最後のピースがヤフーのAPI公開だった
運用広告のフル自動化パッケージを開発する中で、ネクストが最終ピースと考えたのが、Yahoo!プロモーション広告のAPI提供、という流れとなる。
「運用広告をPL(損益計算書)ベースで突き詰めていくほど、弊社にとってヤフー媒体の存在は相当なインパクトがあるわけです。ネクスト内でも最上位クラスの出稿量がある媒体のAPIが解放されれば、本当の意味での“フル”自動化に前進できる。
そこで約1年かけて、デジタルマーケティングならびに運用広告に関する弊社の取り組みや、媒体が弊社にもたらすインパクトを伝えながら、粘り強い交渉を経て、今回のリリースとなりました。我々は全体のROIを10%以上改善できると踏んでいますし、ヤフー媒体単体で見れば15%近くのROI改善を現実的に狙っています」(菅野氏)
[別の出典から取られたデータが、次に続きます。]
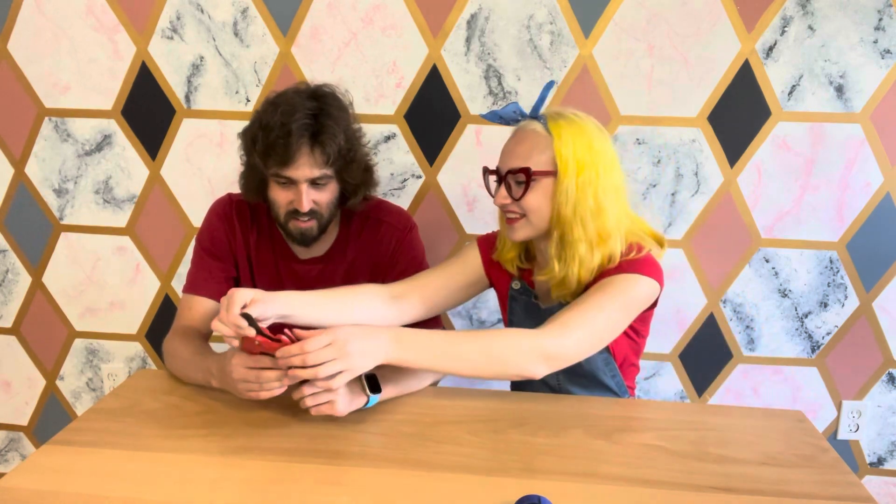This is a PVC cutter. You kind of squeeze it here and it should ratchet closed all the way, then you open it back up to reset it — it's a ratcheting PVC cutter.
すでにGoogleはAPIを提供していたが、ヤフーは基本的に代理店にしかAPIを解放してこなかった。ここにジレンマを抱える広告主は少なくないだろう。ネクストのような大規模な広告主に向けて、直接的なAPIを公開したことは、その他多くの広告主の動きに刺激を与える意味でも、このリリースの意味は存外な大きさを放っている。
全自動でコミュニケーションストーリーを作りたい
ネクストのデジタルマーケティングの展望について、最後にもう少し具体的な話を聞いた。短期的には、フル自動化で社員(マーケター)をルーティンから解放させたい、と菅野氏は語る。
「運用型広告のプロセスは3つ、入稿・入札・レポート(作成)です。これらのルーティンワークのうち、入札やレポートは自動化、システム化できていましたが、入稿はできていませんでした。私たちのスタンスは、ソリューションがないならソリューションを作ってしまえ、ですから(笑)。
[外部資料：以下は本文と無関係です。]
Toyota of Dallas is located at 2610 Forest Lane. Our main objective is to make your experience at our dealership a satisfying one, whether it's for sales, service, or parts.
フル自動化については先に触れたとおり、先行的にグループ内で2社が実現しましたが、この1年目安で、グループ全体に導入して標準化させたい。もっとクリエイティブに人的リソースをかけたいですね」(菅野氏)
またネクストは、「DB+CCS(データベース+コミュニケーション&コンシェルジュサービス)でGlobal Companyを目指す」という中期経営戦略も掲げている。そのことも念頭にしながら、短期的なフル自動化実現の延長線として、菅野氏が中長期的な展望を語ってくれた。
「コミュニケーションストーリーの自動化に挑みたいです。実際、Salesforce Marketing Cloudによって実現しつつあり、広告やCRMを連結させてソリューションを自動で作り出せないかと考えています。今は一企業の一製品が実現しつつある段階のものですが、近い将来、もっと大きな舞台で実現させたいです」(菅野氏)
インハウス化の動きや自動化の取り組みは、ネクストにとってまだまだ序章としての動きである。ネクストが放つコミュニケーションストーリーの自動化はいつ実現できるか。現実的にはまだ先の話だが、ネクストの実行力は、こうした未来を着実に引き寄せているのではないだろうか。